Data section =>
########################################

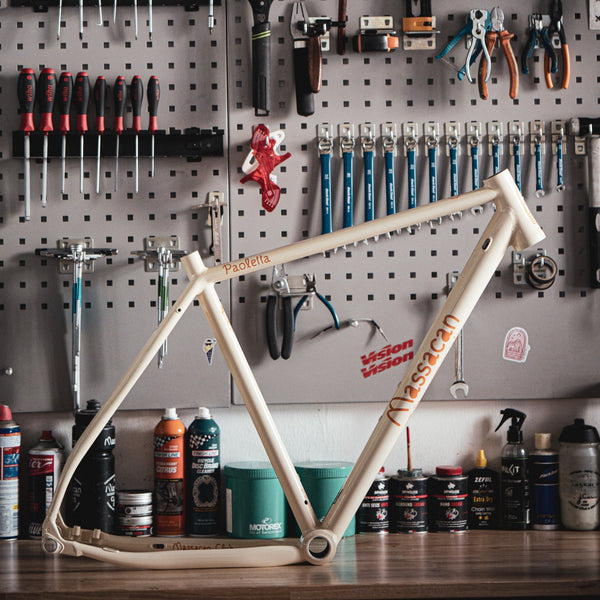 Massacan Paulette Gravel Bike Frameset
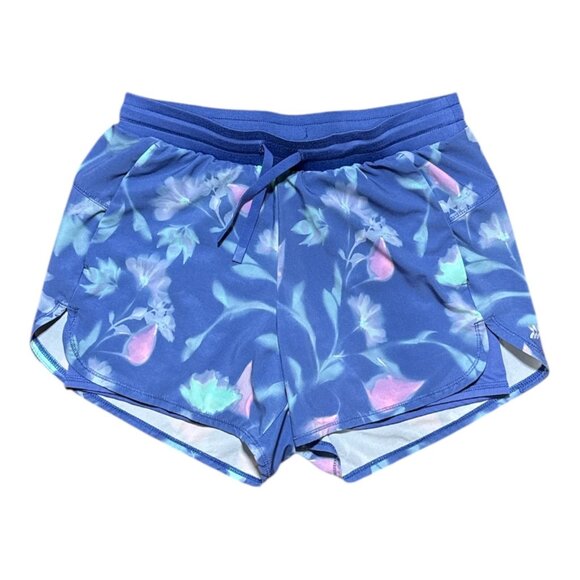 Lot of 2 ATHLETA Girl M 14/16 Un-Lined Activewear Shorts (INS 3.25") Blue Pink - Picture 13 of 13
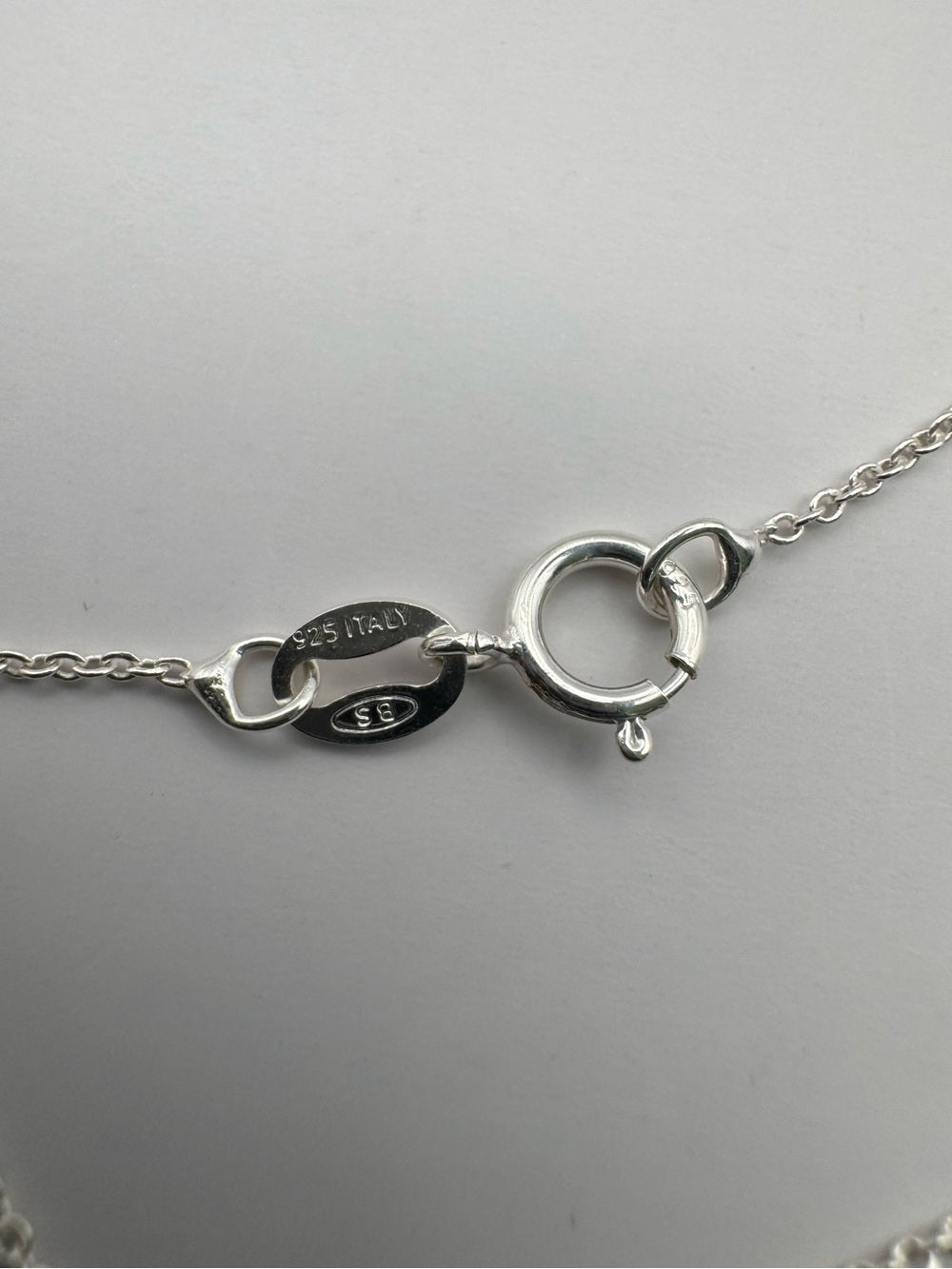 Moonstone Cluster Lariat Necklace (AWN4)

########################################

Exercise directions => When you restate the listing above, give each line word for word but leave out every image.

Solution to this exercise =>
 Massacan Paulette Gravel Bike Frameset
 Lot of 2 ATHLETA Girl M 14/16 Un-Lined Activewear Shorts (INS 3.25") Blue Pink - Picture 13 of 13
 Moonstone Cluster Lariat Necklace (AWN4)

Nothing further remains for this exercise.